Short descriptive text snippets
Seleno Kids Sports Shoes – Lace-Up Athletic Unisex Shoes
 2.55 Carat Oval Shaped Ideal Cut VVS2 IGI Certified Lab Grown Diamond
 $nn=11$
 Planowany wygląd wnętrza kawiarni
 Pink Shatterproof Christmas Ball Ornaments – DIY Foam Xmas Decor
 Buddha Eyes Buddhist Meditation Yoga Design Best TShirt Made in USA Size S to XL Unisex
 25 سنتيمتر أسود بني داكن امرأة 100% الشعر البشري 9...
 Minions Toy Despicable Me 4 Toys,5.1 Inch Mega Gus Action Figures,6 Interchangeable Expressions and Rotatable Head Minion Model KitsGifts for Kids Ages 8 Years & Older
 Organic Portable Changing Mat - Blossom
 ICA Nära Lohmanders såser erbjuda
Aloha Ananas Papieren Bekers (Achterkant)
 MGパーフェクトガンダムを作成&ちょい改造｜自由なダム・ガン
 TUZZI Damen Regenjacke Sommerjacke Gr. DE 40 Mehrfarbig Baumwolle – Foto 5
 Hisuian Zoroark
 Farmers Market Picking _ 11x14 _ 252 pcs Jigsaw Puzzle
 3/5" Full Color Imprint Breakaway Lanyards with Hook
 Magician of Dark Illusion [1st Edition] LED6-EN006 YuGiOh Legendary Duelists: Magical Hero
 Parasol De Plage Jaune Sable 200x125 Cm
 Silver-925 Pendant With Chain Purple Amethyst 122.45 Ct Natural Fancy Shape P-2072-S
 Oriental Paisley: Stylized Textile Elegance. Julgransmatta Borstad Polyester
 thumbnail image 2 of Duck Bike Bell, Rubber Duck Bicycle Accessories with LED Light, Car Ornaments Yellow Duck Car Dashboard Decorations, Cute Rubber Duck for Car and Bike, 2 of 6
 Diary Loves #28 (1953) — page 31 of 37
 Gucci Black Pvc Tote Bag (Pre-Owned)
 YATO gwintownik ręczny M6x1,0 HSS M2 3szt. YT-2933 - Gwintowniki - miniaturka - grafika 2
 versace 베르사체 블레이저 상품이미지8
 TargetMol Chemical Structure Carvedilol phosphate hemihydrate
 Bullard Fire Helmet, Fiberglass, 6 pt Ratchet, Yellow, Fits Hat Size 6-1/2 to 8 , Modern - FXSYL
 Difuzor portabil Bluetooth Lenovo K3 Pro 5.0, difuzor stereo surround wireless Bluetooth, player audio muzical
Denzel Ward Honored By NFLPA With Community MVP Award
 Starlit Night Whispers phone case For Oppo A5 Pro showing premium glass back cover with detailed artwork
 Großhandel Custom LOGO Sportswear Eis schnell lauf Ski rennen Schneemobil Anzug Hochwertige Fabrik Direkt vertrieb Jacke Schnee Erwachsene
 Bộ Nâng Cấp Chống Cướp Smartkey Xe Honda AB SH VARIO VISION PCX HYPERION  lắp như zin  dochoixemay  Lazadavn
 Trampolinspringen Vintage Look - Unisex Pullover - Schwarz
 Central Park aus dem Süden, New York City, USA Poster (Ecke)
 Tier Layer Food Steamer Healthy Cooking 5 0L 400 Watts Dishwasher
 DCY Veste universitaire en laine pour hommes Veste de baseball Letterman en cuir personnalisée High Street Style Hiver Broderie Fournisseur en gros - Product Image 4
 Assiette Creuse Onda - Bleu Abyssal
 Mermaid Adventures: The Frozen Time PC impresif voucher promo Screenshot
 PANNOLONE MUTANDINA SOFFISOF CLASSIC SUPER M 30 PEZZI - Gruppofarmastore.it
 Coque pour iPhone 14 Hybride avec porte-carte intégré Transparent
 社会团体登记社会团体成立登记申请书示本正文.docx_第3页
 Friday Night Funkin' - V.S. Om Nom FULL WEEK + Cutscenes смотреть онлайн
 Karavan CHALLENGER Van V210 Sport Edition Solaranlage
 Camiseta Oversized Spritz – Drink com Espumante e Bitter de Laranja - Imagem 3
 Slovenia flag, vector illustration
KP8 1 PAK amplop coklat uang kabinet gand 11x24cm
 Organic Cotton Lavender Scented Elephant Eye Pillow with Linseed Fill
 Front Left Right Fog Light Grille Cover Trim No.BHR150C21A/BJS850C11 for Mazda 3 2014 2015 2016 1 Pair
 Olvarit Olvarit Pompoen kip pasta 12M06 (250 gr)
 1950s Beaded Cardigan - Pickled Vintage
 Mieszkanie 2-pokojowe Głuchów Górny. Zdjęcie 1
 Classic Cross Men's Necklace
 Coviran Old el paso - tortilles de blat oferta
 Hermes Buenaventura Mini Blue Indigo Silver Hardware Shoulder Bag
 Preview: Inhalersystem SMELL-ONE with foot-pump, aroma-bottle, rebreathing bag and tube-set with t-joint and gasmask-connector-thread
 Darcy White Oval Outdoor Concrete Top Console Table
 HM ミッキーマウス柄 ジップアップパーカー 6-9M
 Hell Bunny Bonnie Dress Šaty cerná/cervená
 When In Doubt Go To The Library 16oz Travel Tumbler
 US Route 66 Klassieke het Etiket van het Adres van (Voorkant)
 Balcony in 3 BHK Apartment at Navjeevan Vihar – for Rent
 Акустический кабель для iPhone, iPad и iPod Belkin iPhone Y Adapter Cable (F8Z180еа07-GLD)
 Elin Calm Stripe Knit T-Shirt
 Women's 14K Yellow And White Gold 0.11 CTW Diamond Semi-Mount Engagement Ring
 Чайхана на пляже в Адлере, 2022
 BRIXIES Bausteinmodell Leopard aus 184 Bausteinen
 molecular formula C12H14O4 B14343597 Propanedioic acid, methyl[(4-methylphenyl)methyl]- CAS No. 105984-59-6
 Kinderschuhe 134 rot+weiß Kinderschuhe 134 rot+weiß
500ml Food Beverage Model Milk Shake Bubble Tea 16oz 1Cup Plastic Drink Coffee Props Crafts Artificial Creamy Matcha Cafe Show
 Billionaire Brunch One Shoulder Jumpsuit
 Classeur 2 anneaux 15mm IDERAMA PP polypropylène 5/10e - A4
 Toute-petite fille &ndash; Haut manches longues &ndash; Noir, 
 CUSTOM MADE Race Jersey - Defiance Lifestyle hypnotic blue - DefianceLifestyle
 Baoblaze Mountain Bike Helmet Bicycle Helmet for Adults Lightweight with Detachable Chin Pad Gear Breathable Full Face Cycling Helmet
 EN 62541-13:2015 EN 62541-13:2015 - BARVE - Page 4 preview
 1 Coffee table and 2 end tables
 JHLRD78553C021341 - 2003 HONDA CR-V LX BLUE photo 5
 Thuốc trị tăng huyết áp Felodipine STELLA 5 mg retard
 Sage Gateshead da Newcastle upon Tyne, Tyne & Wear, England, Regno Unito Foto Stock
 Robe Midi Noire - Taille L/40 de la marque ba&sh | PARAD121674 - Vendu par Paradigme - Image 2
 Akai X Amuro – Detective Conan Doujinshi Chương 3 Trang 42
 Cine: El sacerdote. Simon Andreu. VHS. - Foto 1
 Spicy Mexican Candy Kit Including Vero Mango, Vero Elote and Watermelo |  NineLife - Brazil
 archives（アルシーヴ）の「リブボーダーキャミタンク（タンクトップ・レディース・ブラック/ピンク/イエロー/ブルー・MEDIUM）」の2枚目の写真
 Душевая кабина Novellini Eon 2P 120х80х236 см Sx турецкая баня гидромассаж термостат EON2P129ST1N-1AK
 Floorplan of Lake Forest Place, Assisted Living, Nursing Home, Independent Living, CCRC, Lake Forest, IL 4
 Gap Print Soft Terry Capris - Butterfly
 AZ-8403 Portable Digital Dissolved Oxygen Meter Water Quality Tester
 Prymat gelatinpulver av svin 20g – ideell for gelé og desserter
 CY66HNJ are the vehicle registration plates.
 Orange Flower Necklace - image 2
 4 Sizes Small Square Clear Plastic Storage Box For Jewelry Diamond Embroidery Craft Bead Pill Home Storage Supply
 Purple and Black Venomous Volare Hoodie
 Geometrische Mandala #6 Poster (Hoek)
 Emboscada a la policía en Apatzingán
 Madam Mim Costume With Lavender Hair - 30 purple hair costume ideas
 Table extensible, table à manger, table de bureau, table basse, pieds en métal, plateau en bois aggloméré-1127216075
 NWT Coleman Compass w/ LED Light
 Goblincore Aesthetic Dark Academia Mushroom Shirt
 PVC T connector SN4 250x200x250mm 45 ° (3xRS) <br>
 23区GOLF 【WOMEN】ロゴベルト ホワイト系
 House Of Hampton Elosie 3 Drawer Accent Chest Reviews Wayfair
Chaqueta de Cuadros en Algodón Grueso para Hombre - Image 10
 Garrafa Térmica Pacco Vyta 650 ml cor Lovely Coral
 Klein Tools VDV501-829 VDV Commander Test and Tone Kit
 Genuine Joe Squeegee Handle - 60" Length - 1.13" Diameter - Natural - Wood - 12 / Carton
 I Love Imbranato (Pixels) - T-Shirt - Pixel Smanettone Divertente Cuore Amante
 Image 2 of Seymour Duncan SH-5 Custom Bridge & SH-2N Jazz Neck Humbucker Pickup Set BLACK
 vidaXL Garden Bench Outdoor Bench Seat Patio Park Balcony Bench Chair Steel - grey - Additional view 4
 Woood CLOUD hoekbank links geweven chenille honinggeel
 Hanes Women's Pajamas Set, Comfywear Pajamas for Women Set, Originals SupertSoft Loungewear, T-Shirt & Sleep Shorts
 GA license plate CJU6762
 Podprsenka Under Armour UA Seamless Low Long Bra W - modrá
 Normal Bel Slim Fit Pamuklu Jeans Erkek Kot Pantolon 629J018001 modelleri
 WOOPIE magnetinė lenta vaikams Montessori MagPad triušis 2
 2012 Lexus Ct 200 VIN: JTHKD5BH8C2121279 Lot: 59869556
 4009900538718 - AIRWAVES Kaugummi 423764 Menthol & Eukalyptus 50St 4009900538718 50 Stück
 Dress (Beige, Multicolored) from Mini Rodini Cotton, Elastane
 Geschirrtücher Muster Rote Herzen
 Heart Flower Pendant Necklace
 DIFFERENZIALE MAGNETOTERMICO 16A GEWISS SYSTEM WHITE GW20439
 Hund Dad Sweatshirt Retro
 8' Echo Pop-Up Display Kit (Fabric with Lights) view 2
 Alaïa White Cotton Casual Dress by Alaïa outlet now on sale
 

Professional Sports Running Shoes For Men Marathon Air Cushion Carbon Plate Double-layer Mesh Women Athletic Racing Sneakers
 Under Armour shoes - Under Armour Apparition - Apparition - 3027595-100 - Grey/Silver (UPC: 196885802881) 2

AIM OF THE EXERCISE:
Each line from the top of the records down to the one with "Bộ Nâng Cấp" must be retyped exactly; include both ends and nothing else.

REPLY TO THE TASK:
Seleno Kids Sports Shoes – Lace-Up Athletic Unisex Shoes
 2.55 Carat Oval Shaped Ideal Cut VVS2 IGI Certified Lab Grown Diamond
 $nn=11$
 Planowany wygląd wnętrza kawiarni
 Pink Shatterproof Christmas Ball Ornaments – DIY Foam Xmas Decor
 Buddha Eyes Buddhist Meditation Yoga Design Best TShirt Made in USA Size S to XL Unisex
 25 سنتيمتر أسود بني داكن امرأة 100% الشعر البشري 9...
 Minions Toy Despicable Me 4 Toys,5.1 Inch Mega Gus Action Figures,6 Interchangeable Expressions and Rotatable Head Minion Model KitsGifts for Kids Ages 8 Years & Older
 Organic Portable Changing Mat - Blossom
 ICA Nära Lohmanders såser erbjuda
Aloha Ananas Papieren Bekers (Achterkant)
 MGパーフェクトガンダムを作成&ちょい改造｜自由なダム・ガン
 TUZZI Damen Regenjacke Sommerjacke Gr. DE 40 Mehrfarbig Baumwolle – Foto 5
 Hisuian Zoroark
 Farmers Market Picking _ 11x14 _ 252 pcs Jigsaw Puzzle
 3/5" Full Color Imprint Breakaway Lanyards with Hook
 Magician of Dark Illusion [1st Edition] LED6-EN006 YuGiOh Legendary Duelists: Magical Hero
 Parasol De Plage Jaune Sable 200x125 Cm
 Silver-925 Pendant With Chain Purple Amethyst 122.45 Ct Natural Fancy Shape P-2072-S
 Oriental Paisley: Stylized Textile Elegance. Julgransmatta Borstad Polyester
 thumbnail image 2 of Duck Bike Bell, Rubber Duck Bicycle Accessories with LED Light, Car Ornaments Yellow Duck Car Dashboard Decorations, Cute Rubber Duck for Car and Bike, 2 of 6
 Diary Loves #28 (1953) — page 31 of 37
 Gucci Black Pvc Tote Bag (Pre-Owned)
 YATO gwintownik ręczny M6x1,0 HSS M2 3szt. YT-2933 - Gwintowniki - miniaturka - grafika 2
 versace 베르사체 블레이저 상품이미지8
 TargetMol Chemical Structure Carvedilol phosphate hemihydrate
 Bullard Fire Helmet, Fiberglass, 6 pt Ratchet, Yellow, Fits Hat Size 6-1/2 to 8 , Modern - FXSYL
 Difuzor portabil Bluetooth Lenovo K3 Pro 5.0, difuzor stereo surround wireless Bluetooth, player audio muzical
Denzel Ward Honored By NFLPA With Community MVP Award
 Starlit Night Whispers phone case For Oppo A5 Pro showing premium glass back cover with detailed artwork
 Großhandel Custom LOGO Sportswear Eis schnell lauf Ski rennen Schneemobil Anzug Hochwertige Fabrik Direkt vertrieb Jacke Schnee Erwachsene
 Bộ Nâng Cấp Chống Cướp Smartkey Xe Honda AB SH VARIO VISION PCX HYPERION  lắp như zin  dochoixemay  Lazadavn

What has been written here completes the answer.